When they challenged the police outside saying they had been told they were free to leave they were told somewhat chillingly:
'Yes, you're free to leave – to the police station. You're going to be arrested.'"A protester Sean O'Halloran who was in Trafalgar Square and witnessed violence there and who said "my opinion on smashing up banks and fucking up The Ritz is fairly relaxed actually" talks about UK Uncut on his blog:
UK Uncut is possibly the politest and most well-behaved activist collective this country has seen in a while. They're the sort who clean up as they leave, who have civil conversations with the police, who turn banks into comedy gigs. They are not the sort of people who smash up £15 easter eggs and smoke inside. They are in fact the sort of people who would trust a police officer if she told them that they would not be arrested upon leaving the store, and whose main protest to actually being arrested is chanting "you promised us you wouldn't do this. You promised".I am personally at a loss to understand how people can conflate the behaviour of a group that advocates and engages in violence with one that clearly does not. Walking into a building, sitting down and refusing to leave might be annoying but it isn't "violence". In fact it is a deliberately non-violent form of protest.
A new crackdown?
Tonight the Evening Standard report Dame Judith Mayhew Jonas, Chair of the "New West End Company" representing businesses in the West End calling on Boris Johnson (who has already made some unhelpful comments about the march) to prevent any future inconvenience to business from marches even suggesting organisers pay to clean up mess and damage.
A commentary piece by Chris Blackhurst states:
Whatever the argument about tax avoidance - it is worth remembering that avoidance is entirely legal, evasion is not - the proper forum for the debate is not in Oxford Street or Picadilly...Women were denied the vote by law once too but it didn't make right and it took direct action in the streets for it to change.
Tonight the Independent are reporting that Theresa May is considering yet more police powers:
I have asked the police whether they need further powers to prevent violence before it occurs. I am willing to consider powers which would ban known hooligans from rallies and marches and I will look into the powers the police already have to force the removal of face-coverings and balaclavasThere are also reports of planned disruption to the Royal Wedding leading to Boris to make a statement sounding like he will single-handedly deal with such matters!
Public disorder is a symptom of a broken society.
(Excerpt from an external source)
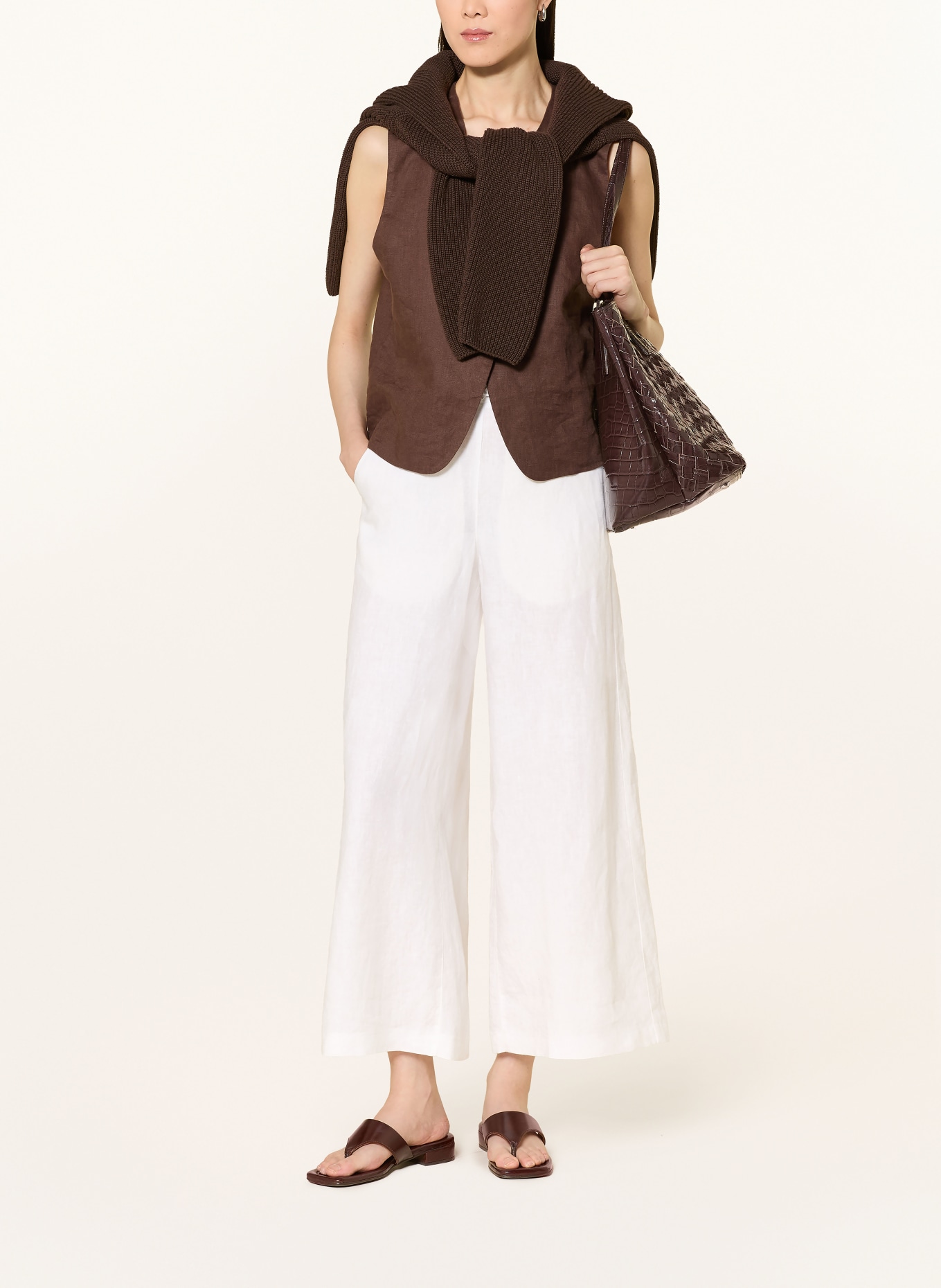 MAC Lniana spódnico-spodnie CALLIE: BIAŁY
The more unequal, and unfair society becomes the more public disorder we will see.
If people feel they have a say through democracy and peaceful protest violence becomes less likely.
People like me that support non-violent protest will find it hard to advance such views if such protests are ignored or worse still if peaceful protest becomes criminalised. Such actions are likely to further increase disorder as previously peaceful protesters change to more violent yet possibly less risky protest.
To be honest an intelligent risk assessment shows the Black Bloc seemed to make the highest impact for the least risk whilst UK Uncut's civilised protest got them all arrested...Is this really what we want?